Originally posted by: gate1975mlm
I do not think the 74GB Raptors have NCQ built in!

They do, but it's actually slower in most cases with it turned on. Most controllers these days don't support it, so you don't have to worry anyway.
 
OK, yes they do have NCQ, and the next Gigabyte MOBO's controllers DO support it. I also know that the benefits are minimal at the moment with the current software (need optimisations for support to NCQ).

Apparently, same goes for the rest of the SATA II features like HotPlug, Staggered Pin Up and asynchronous signal recovery.

So, as jdogg77 was saying above, the most immediate improvement I would see from a HD is its rotational speed, and as such the Raptor seems to be the right choice. I think I'll go for it, get one of these to install my OS's and programs and use a larger, smaller drive to store documents, downloads, etc


 
oops! didn't know it was different. That wasn't very clear on WD website, they were just speaking of "command queuing". Wrongly assumed it was the same as NCQ.
 
Originally posted by: DaveDM
oops! didn't know it was different. That wasn't very clear on WD website, they were just speaking of "command queuing". Wrongly assumed it was the same as NCQ.

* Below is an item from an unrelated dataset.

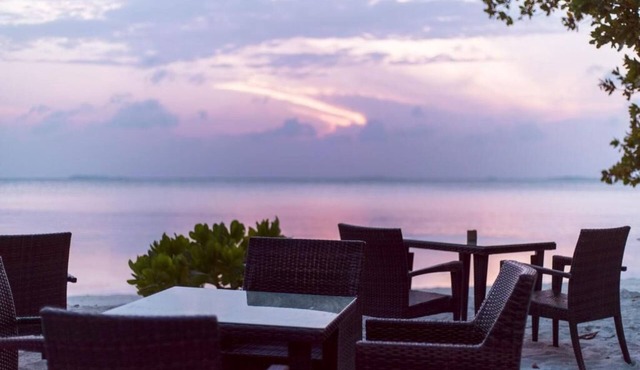 Deluxe room - Beachfront villa in Dhangethi (bnb)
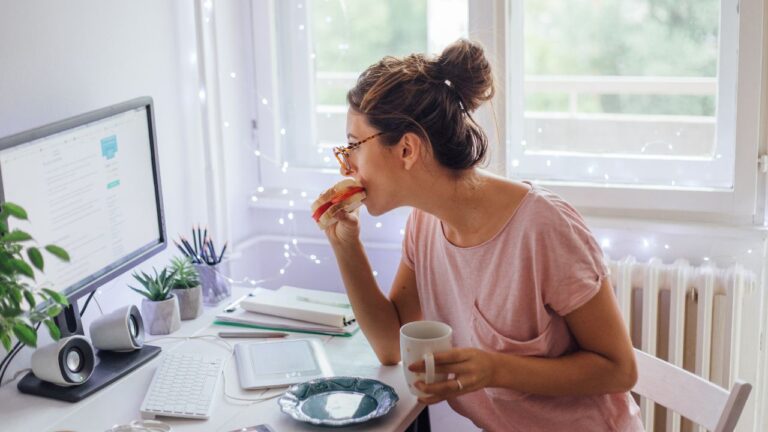 14 Sneaky Ways to Treat Yourself on a February Diet When Cravings Strike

Made the same mistake myself!
 
I was considering buying a WD Raptor 74GB HD until I stumbled across a deal for $25 80GB WD Caviar HDs. Gonna get two, put it in RAID and only be slightly slower and much quieter than the Raptor for about 1/4 of the cost. Big downside is that they are IDE vs. SATA, but I'm way over my budget for my computer right now, so I have to cut costs everywhere.
 
I have the raptor, and I like it immensly. As far as noise, it isn't any louder than my Seagate 200GB HD. The speed improvement is negligible with small files, but for gaming it is very noticeable.